Just over a year ago, I finished writing my novel and started writing this blog. Now, with the editing, formatting, uploading and proofing complete (yes, I have got to the last stage … awaiting File Review from CreateSpace so I can hit that final button) – not to mention the decision-making and transitioning from being someone who’d written a book and wasn’t sure how to get it published, to feeling very at home with the concept of being an indie author – I am taking stock of where I am and what I still need to put in order.
Obviously, I have yet to conquer Kindle uploading but my new computer will, hopefully, make short work of that, (said she, confidently …)
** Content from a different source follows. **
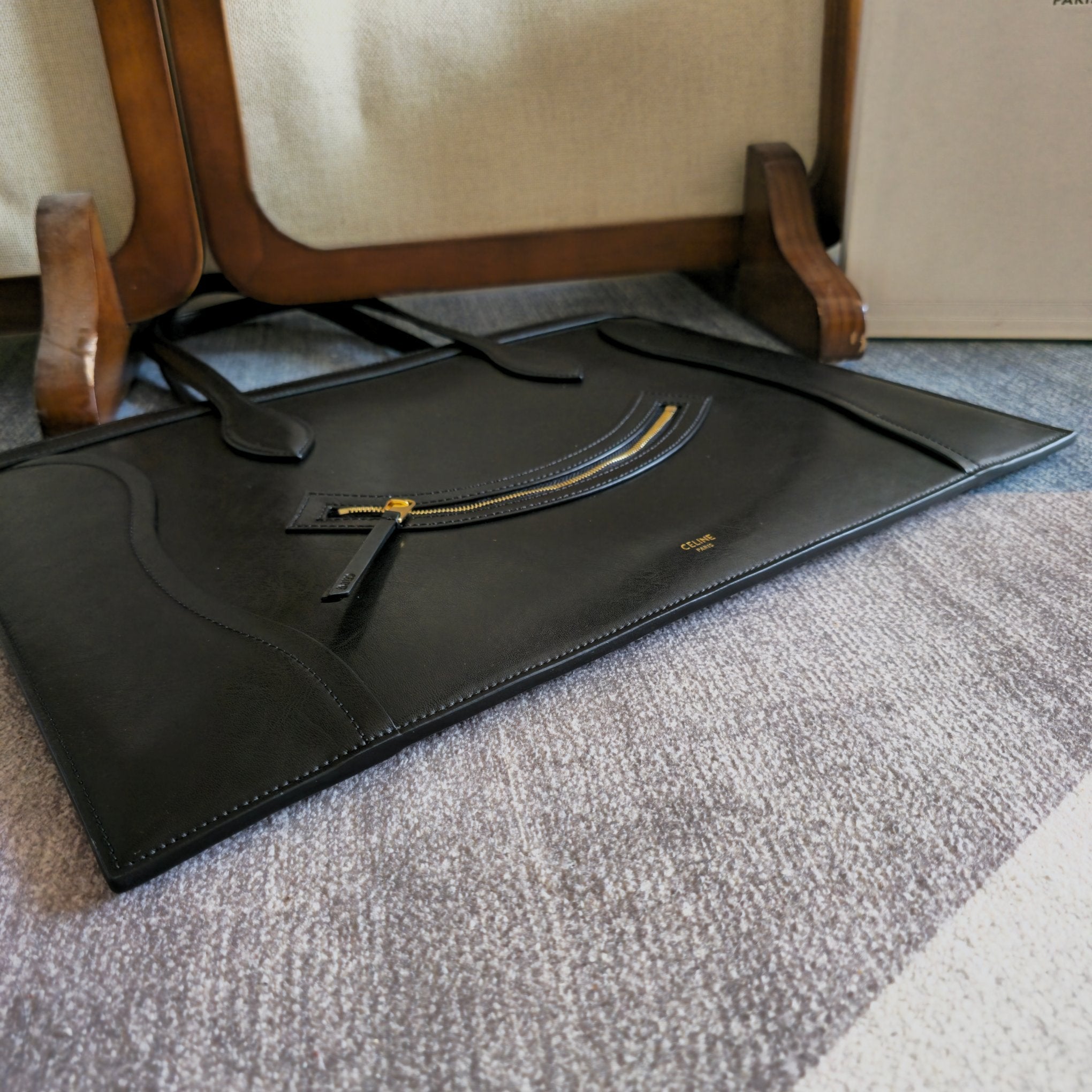 Celine 2026 Flat Cabas New Luggage Bag Black Calfskin 276207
As part of my sorting-out-ness this week, I was required to hunt down some papers to do with my finances and found myself rootling around in my filing cabinet. Not a place I visit all that often, these days, so it can be quite exciting to see what turns up. I was hunting, in particular, for a letter I received round about this time last year, which both shocked me to the core and heralded the changes I highlighted above.
You don’t need to know the details – just that the possible consequence of the missive was the loss of a substantial portion of my income, which is pretty minuscule to begin with.
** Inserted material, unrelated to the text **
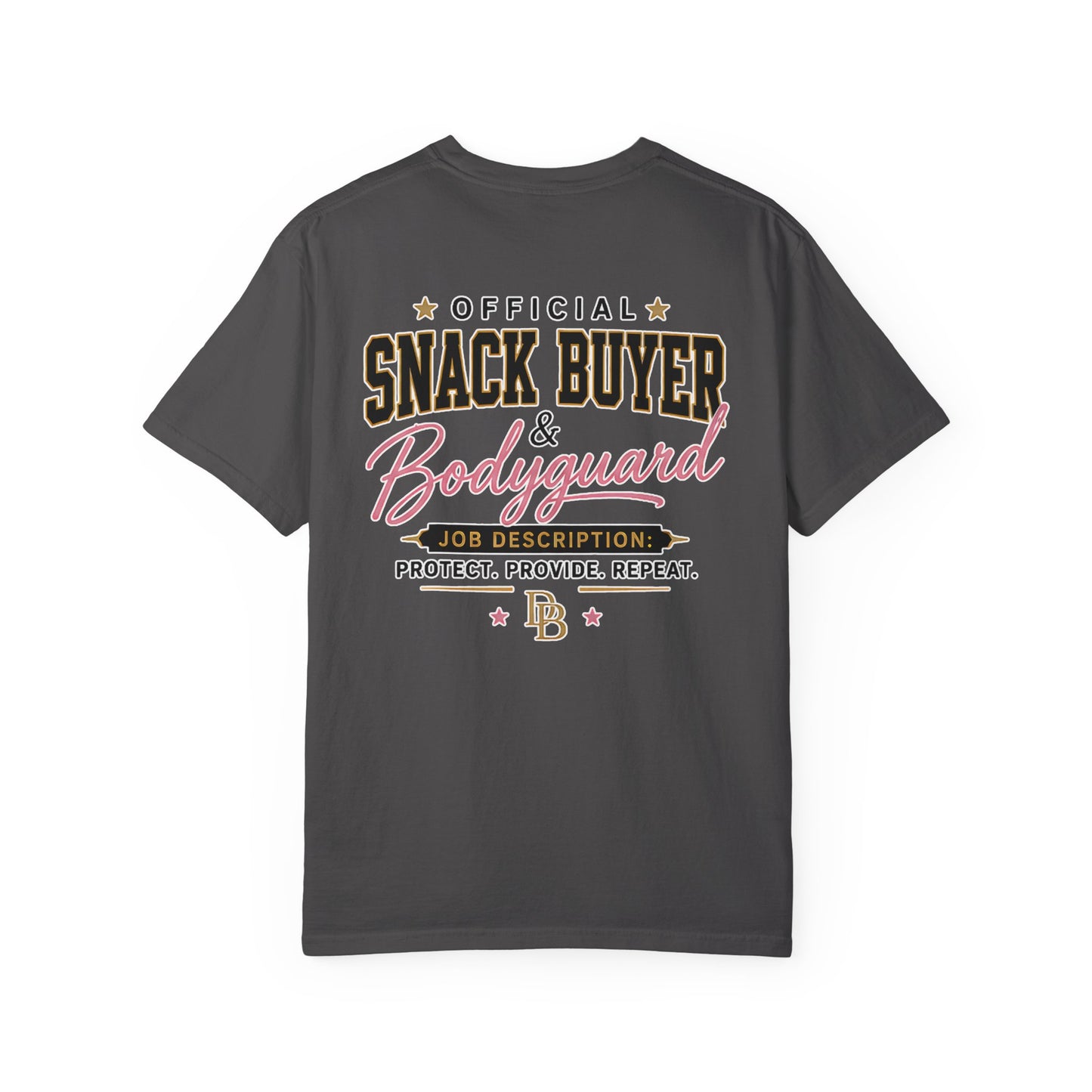 Snack Buyer & Bodyguard T-Shirt — Official Funny Novelty Tee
Now I am not a person who gets hung up on money – at least, not any more. At one time, any financial hiccup would signal the end of the world – a trick I learned from my family – but I’ve been fortunate to encounter people along the way who ‘do’ their money differently, and this has gradually led me down a better path. ‘Better’ in the sense that my well-being is only marginally determined by my income.
That being said, to be threatened out of the blue with the possibility of such a substantial reduction in funds, rocked my boat considerably. I really couldn’t see how I was going to survive at that point. I honestly thought I would have to sell my house and live off the proceeds – not a long-term solution, in any way. I plummeted, for a while, into despair and a state of anxiety and fear. Not at all like me.
I remember pulling myself out of this state, changing my life around a lot, and ultimately being very glad that the predicted circumstances did not materialise. What I hadn’t remembered was what I found when I went searching in my filing cabinet this week.
On the reverse of the letter declaring gloom, closely followed by apocalypse, I had written a declaration to myself. A declaration which inspired me – far from battening down the hatches and retreating from the world – to take a leap of faith by gradually closing down my current business in order to become a full-time writer.
On the face of it, this was a crazy decision. Since I was about to lose a considerable portion of my income, (or thought I was,) guaranteeing I ditched much of the rest was not sensible in most people’s books. But I knew, at some very deep level, I was being presented with an opportunity. An opportunity to make a powerful choice about what was really important to me.
I made the choice and things, so far, have worked out so well for me that I’d forgotten I’d written the letter to myself. Finding it now, when things have turned around so brilliantly, has been a great reminder both of why my life works and of one of my favourite Star Wars quotes.
This is what I wrote:
I bless this letter with love as it marks the beginning of a new way of living for me. I affirm myself as an author, a writer, a storyteller, someone with courage and vigour, someone who can defy boundaries and conventions to reach for the truth and to enable love, someone who will fight against fundamentalism of any genre or context in order to promote creativity and the honouring of difference, someone who lives her life from a place of love, not a place of fear and who will endeavour – through her work – to teach this path to others.